DIRECTIONS FOR THIS TASK:
Reproduce every line of the data, exactly and without its pictures.

SOURCE DATA:

-------------------------

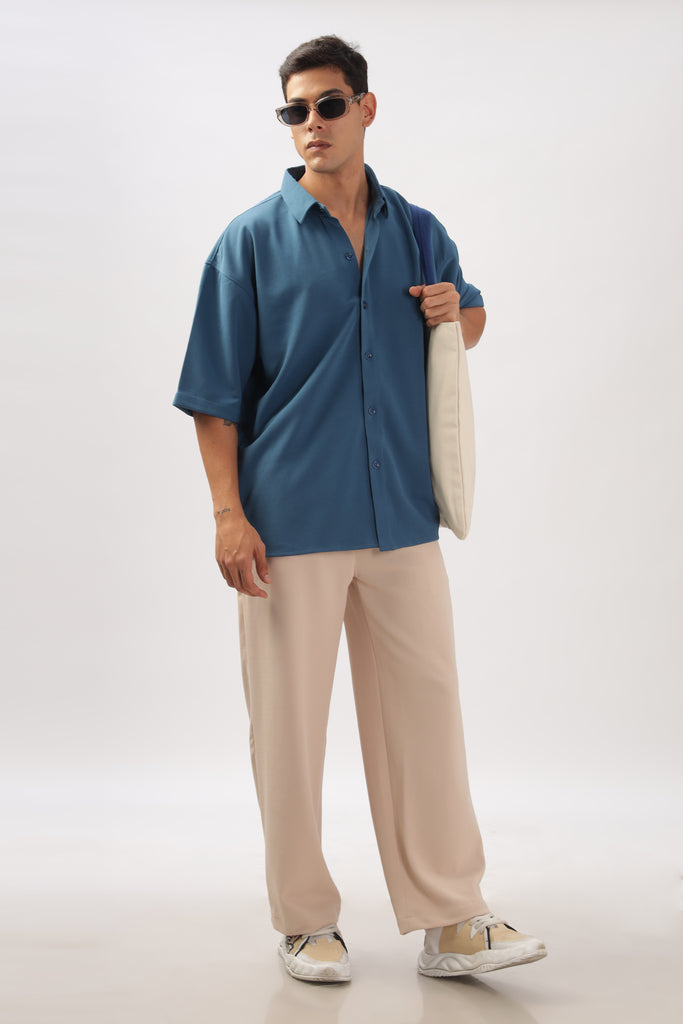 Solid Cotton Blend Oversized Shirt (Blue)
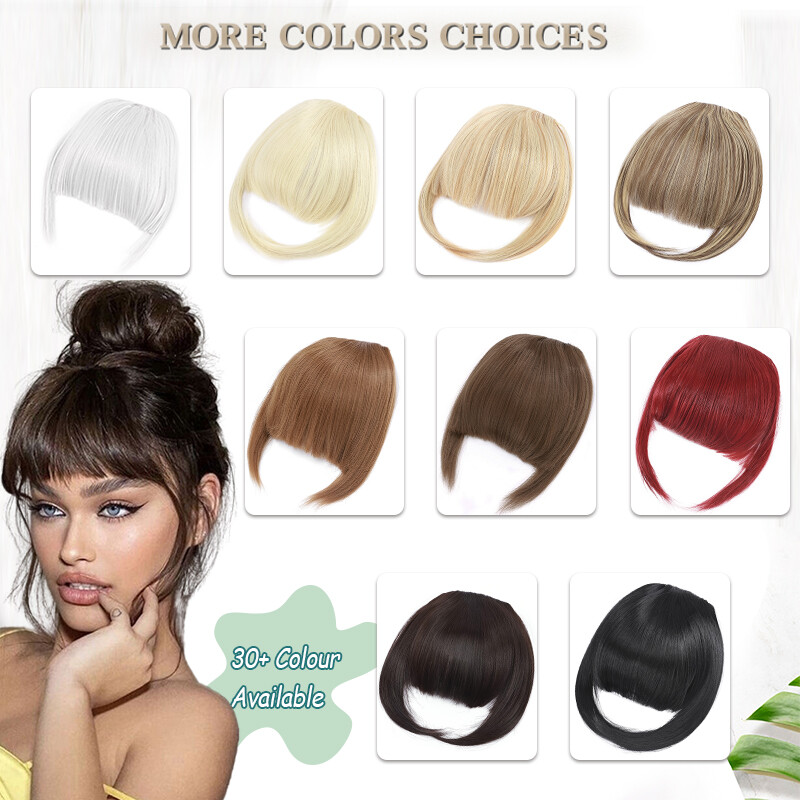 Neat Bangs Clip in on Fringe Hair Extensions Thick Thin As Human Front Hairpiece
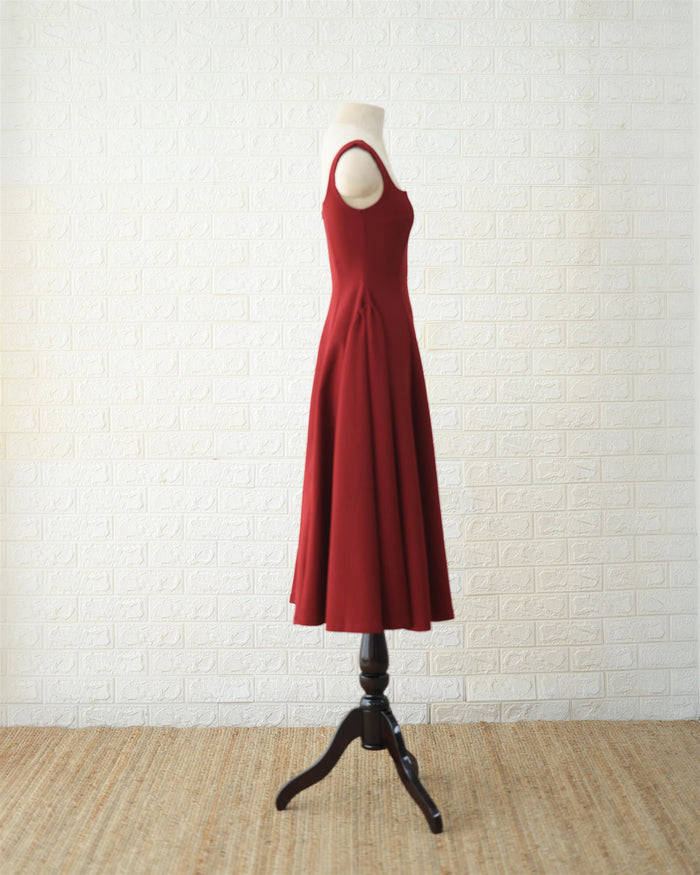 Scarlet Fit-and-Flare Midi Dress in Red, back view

-------------------------

RESPONSE TO THIS EXERCISE:
 Solid Cotton Blend Oversized Shirt (Blue)
 Neat Bangs Clip in on Fringe Hair Extensions Thick Thin As Human Front Hairpiece
 Scarlet Fit-and-Flare Midi Dress in Red, back view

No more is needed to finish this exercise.